**EXERCISE OBJECTIVE**
From the entries below, write out exactly the lines between the line holding "Garmin Vívomove 3S" and the line holding "OK HELMET HALF", inclusive, excluding any pictures.

**WORKING DATA**
..........
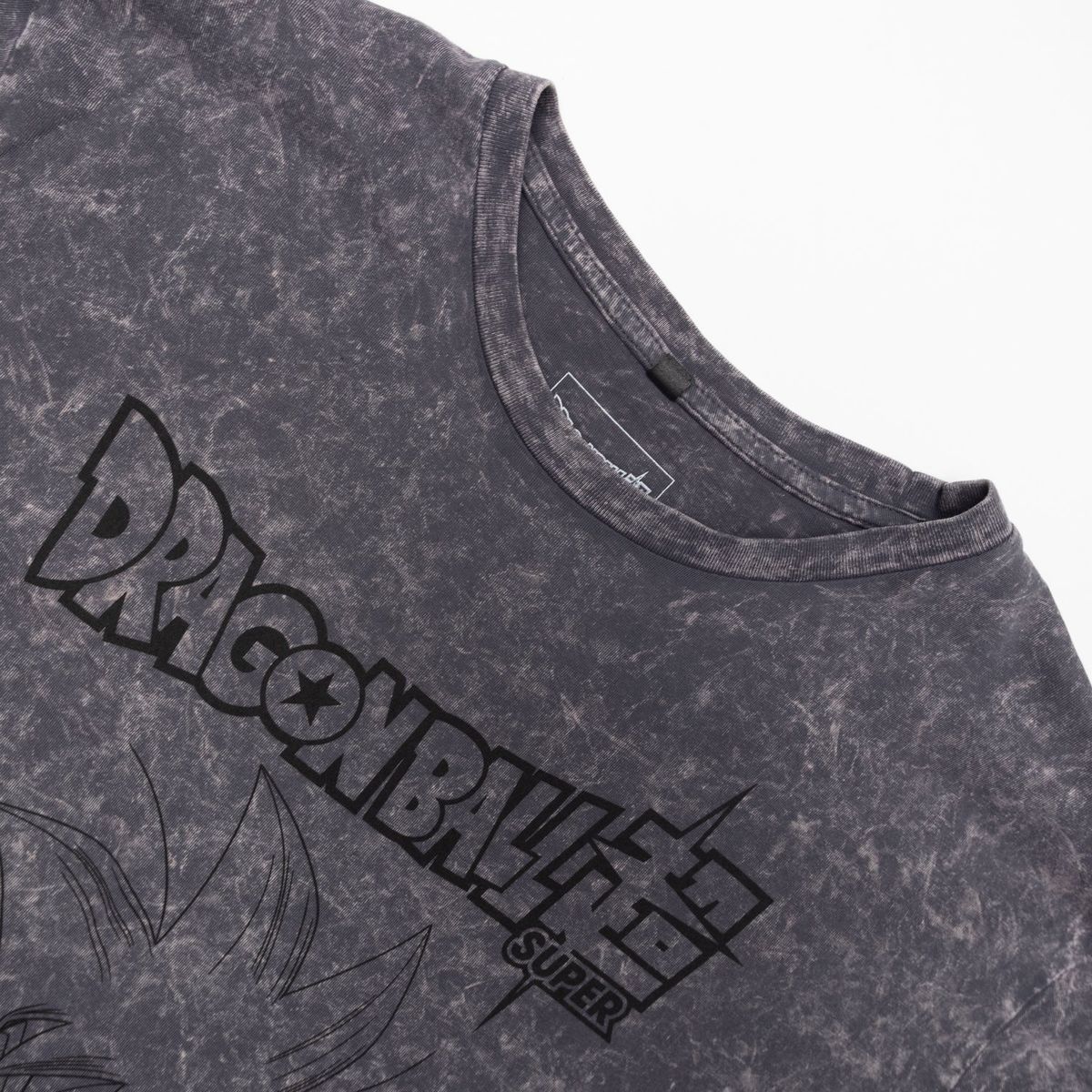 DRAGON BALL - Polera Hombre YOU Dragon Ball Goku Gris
..........
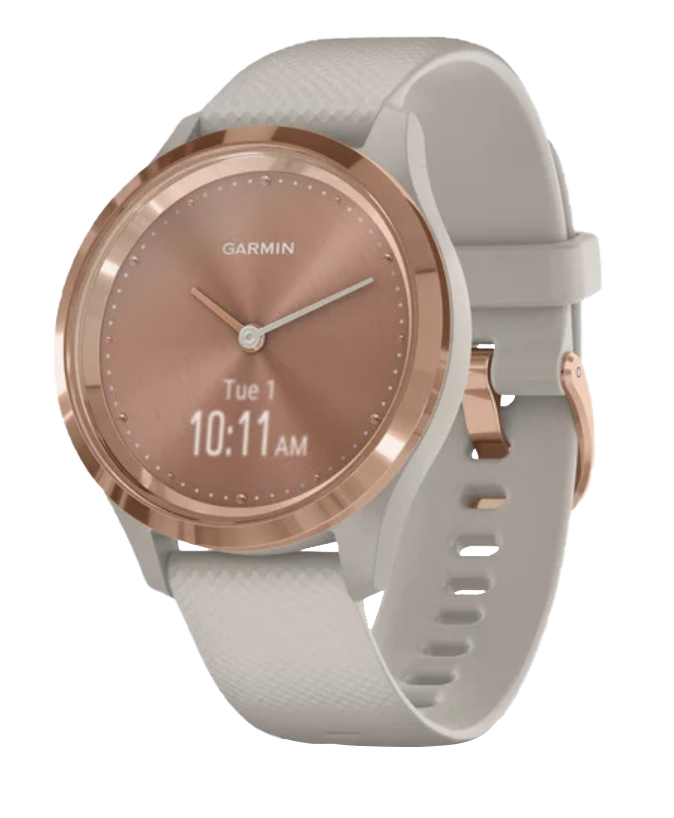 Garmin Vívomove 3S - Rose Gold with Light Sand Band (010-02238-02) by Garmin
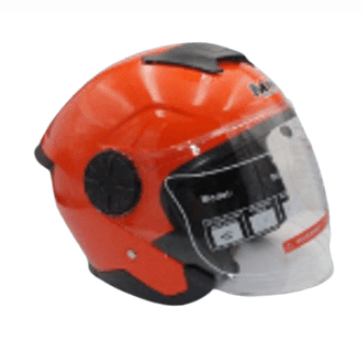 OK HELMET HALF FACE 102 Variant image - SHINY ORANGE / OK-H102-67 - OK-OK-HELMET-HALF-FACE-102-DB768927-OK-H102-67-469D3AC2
..........
**EXERCISE ANSWER**
 Garmin Vívomove 3S - Rose Gold with Light Sand Band (010-02238-02) by Garmin
 OK HELMET HALF FACE 102 Variant image - SHINY ORANGE / OK-H102-67 - OK-OK-HELMET-HALF-FACE-102-DB768927-OK-H102-67-469D3AC2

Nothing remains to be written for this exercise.